Duitsland, en in het bijzonder Berlijn in de Roaring Twenties, dat is het verhaal dat deze foto vertelt. Over een bloeiende filmindustrie waarin gewaagde scenario´s een kans krijgen, over een publiek dat verzot is op films en ook geld heeft om die massaal te gaan bekijken en - goed om je dat te realiseren - over zelfbewuste jonge vrouwen die die films dragen, die vaak grotere sterren zijn dan hun mannelijke tegenspelers. Foto’s die een verhaal vertellen, daar staat Hoogteroes. Duitsland en de Duitsers tussen twee oorlogen van Harald Jähner, mee vol. Blader het boek enkele minuten door en je realiseert je dat die twee decennia tussen 1918 en 1940 roerig waren, vol dramatische gebeurtenissen. Maar je ziet ook dat die jaren veel meer dan één gezicht hadden, en het was niet alleen kommer en kwel.

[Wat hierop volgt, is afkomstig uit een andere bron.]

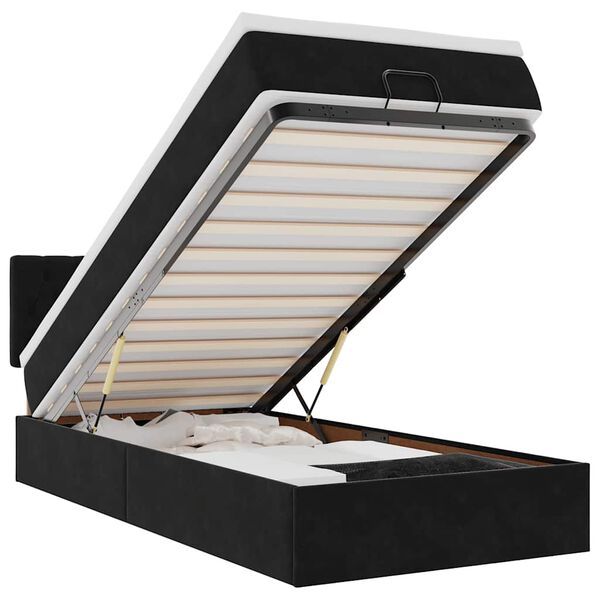 vidaXL Estrutura de cama otomana com colch&atilde;o preto veludo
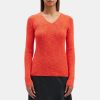 Women Theory Outlet | Rib Knit V-Neck Sweater In Slub Cotton Blend Vermillion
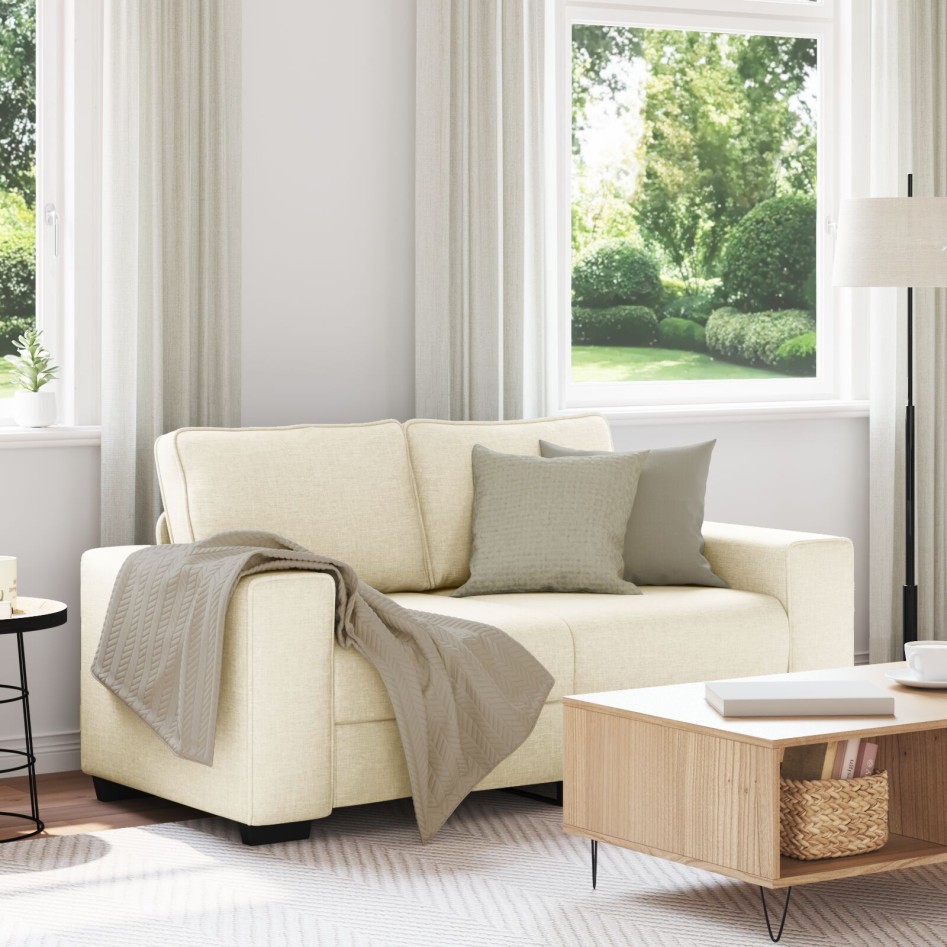 Sofá Loveseat  Beige Tela y Madera Mediano Fundas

Het interbellum begon in november 1918 met het sluiten van de vrede. De geallieerden bepaalden de voorwaarden van die overeenkomst, zij hadden immers gewonnen. En dat ‘dictaat van Versailles’, zoals Hitler het later zou noemen, bevatte één bepaling die het leven voor de Duitsers in de jaren erna heel zwaar zou maken: de herstelbetalingen. Duitsland diende jaarlijks astronomische bedragen aan schadevergoeding te betalen. Dat ontwrichtte voor jaren het financiële en economische leven.
Even heftig was de politieke omwenteling. Van de ene op de andere dag was Duitsland niet langer een keizerrijk maar een parlementaire democratie. Al op 19 januari 1919 vonden de eerste vrije verkiezingen plaats, enkele weken later kwam het nieuwe parlement bijeen in Weimar om een grondwet aan te nemen. Daarmee was de Republiek van Weimar een feit. Gedurende dit snelle proces vonden op veel plekken in Duitsland soms heel bloedige schermutselingen plaats tussen extreem links en extreem rechts. Die laatste werden gevormd door de zogenoemde vrijkorpsen, die grotendeels bestonden uit militairen die van het front terugkeerden. De Weimarrepubliek zou blijven bestaan tot 1933, maar van politieke rust en stabiliteit zou nooit echt sprake zijn.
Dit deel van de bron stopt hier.